### Task to carry out
Look through the records, and wherever the string "Used" turns up, copy out that line.
__________________________________________________
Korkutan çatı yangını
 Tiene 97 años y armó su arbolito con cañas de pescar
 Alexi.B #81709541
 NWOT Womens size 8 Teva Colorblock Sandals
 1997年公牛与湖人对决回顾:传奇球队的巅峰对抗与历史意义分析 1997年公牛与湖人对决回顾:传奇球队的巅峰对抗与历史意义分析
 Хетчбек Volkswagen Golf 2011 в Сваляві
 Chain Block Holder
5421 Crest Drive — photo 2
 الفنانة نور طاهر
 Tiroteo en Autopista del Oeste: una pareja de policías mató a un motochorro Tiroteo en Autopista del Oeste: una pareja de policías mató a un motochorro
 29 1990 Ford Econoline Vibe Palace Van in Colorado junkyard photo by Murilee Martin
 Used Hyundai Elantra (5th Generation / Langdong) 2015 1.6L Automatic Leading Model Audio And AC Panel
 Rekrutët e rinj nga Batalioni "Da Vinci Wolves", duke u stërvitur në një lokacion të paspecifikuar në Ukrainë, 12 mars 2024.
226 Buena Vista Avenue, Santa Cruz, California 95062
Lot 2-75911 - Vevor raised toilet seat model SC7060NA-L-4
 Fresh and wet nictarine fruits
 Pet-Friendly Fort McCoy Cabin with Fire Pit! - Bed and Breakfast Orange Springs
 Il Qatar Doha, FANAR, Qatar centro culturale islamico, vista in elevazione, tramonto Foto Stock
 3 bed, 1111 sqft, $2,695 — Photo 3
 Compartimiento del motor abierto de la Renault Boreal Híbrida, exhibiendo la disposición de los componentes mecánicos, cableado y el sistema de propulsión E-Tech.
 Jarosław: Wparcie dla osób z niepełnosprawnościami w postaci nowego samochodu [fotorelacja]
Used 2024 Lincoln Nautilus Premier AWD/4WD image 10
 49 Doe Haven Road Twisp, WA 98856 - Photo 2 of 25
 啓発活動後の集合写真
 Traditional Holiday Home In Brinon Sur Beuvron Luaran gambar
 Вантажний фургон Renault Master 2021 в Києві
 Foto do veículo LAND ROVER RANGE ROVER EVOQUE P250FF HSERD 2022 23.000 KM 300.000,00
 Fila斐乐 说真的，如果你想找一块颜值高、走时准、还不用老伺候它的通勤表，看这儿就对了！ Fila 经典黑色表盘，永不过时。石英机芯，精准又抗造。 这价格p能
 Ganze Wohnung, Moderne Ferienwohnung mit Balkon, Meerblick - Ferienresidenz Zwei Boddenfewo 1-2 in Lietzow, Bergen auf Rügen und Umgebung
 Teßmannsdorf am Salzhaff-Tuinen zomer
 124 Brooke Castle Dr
__________________________________________________
### Written answer
 Used Hyundai Elantra (5th Generation / Langdong) 2015 1.6L Automatic Leading Model Audio And AC Panel
Used 2024 Lincoln Nautilus Premier AWD/4WD image 10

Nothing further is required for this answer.